Winter has always felt like the truest beginning for me. Not the spark of spring or the bright declarations of summer, but this. This pared-back season where the land recedes and the mind follows.

I find something cathartic in it.

The landscape hides itself, soft-edged beneath frost and mist, and I do the same. Wrapped in layers, moving slowly, allowing thoughts to settle like silt.

The view outside becomes flat, almost graphic. What was once three-dimensional, the trees, the fields, collapse into a monochrome vista. It’s here I see most clearly. The soft colours reveal a different kind of richness.

This is the season of distillation.

No noise, no ornament, just form and space and tone.

I recognise the rhythm in myself, the need to strip things back, to find what remains when the rest has been burned away.


I’ve been clearing the studio.

 

Burning old works on paper, ripping old paintings off their stretchers, and offering them to the fire. Making space. Not out of frustration, but as a ritual. As a release. The smoke is honest. It tells me what I no longer need to carry. It's not precious, it's cleansing.


In this stillness, a new series of paintings is beginning to take shape. Quiet, deliberate, composed of simple repeated marks. Dashes that fall across the canvas, pulled downward by gravity, the paint bleeding in watery drips.

Each mark is a breath, a wingbeat, a gesture of return.
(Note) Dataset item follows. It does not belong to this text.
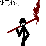 Gravity Hammer Pivot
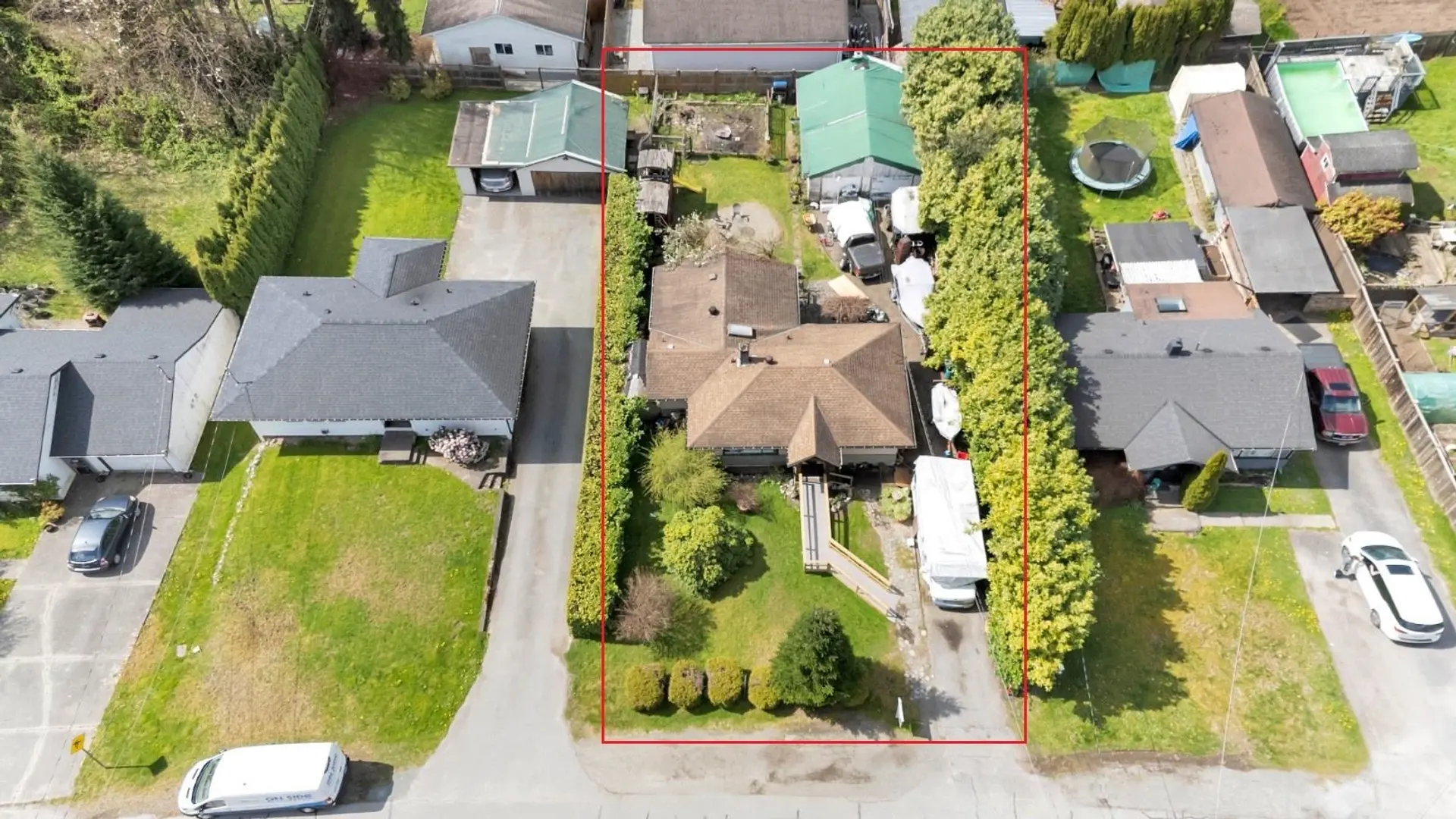 Property at 11963 221 STREET, Maple Ridge, BC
There is something migratory in them. Something of birds, of angels, of arrivals and departures.

Repetition becomes a kind of devotion, each stroke a way to capture the sublime through simplicity.

 

I try to create every day, even if only briefly. Not to produce, but to remain connected, to keep the thread alive.


Momentum isn’t speed. It’s attention.

 

Contemporary practice, at least for me, doesn’t follow the 9 to 5. It follows the seasons, the self. Winter reminds me that absence isn’t emptiness. It’s preparation. Under the frozen ground, the work is already beginning.